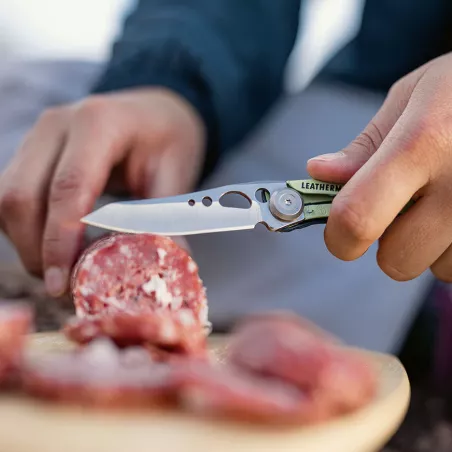 Nóż Leatherman Skeletool KB - Czarny (833175)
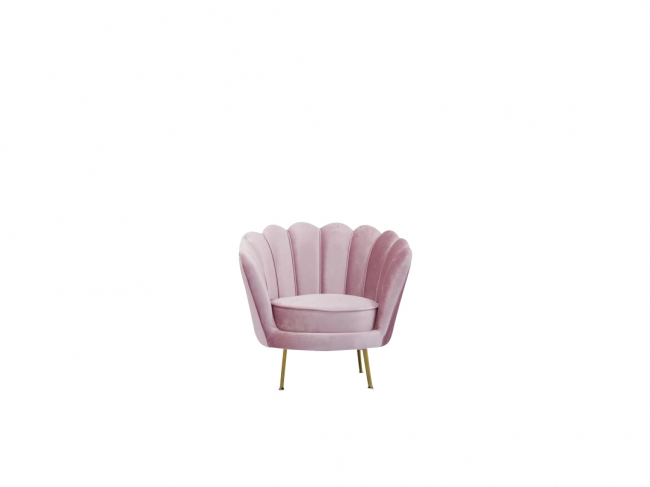 Shell Side Chair – Blush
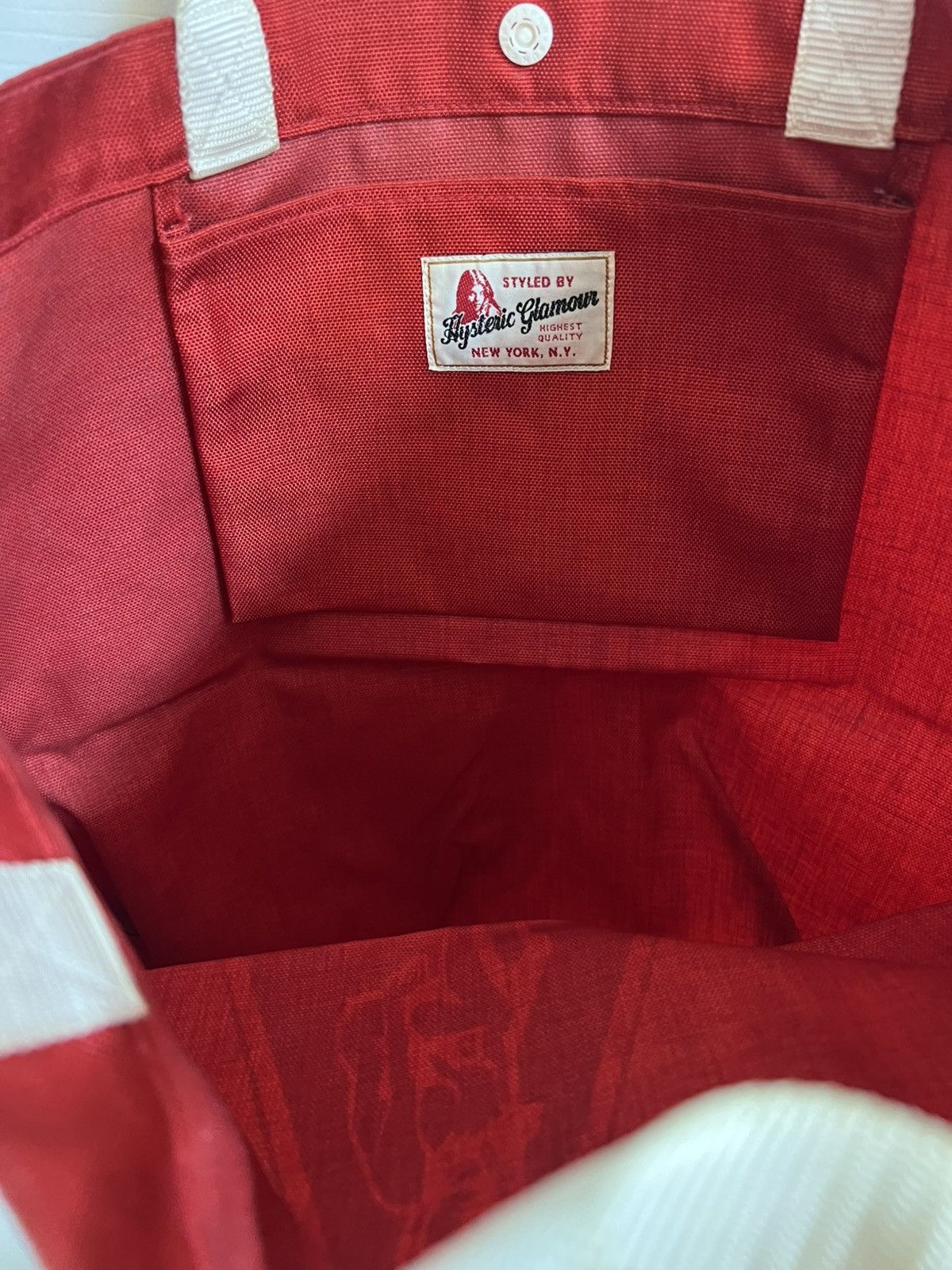 Hysteric Glamour STEAL! 2010s Hysteric Glamour Uni After Party Tote Bag Size ONE SIZE - 4 Thumbnail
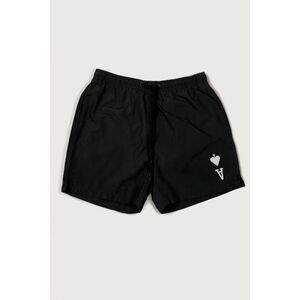 Plavecké Šortky , Barva Černá, s Potiskem Ace Reversed obraz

**WORK ORDER:**
Please restate all of the listing above word for word, with no pictures.

**ANSWER TO THIS EXERCISE:**
 Nóż Leatherman Skeletool KB - Czarny (833175)
 Shell Side Chair – Blush
 Hysteric Glamour STEAL! 2010s Hysteric Glamour Uni After Party Tote Bag Size ONE SIZE - 4 Thumbnail
 Plavecké Šortky , Barva Černá, s Potiskem Ace Reversed obraz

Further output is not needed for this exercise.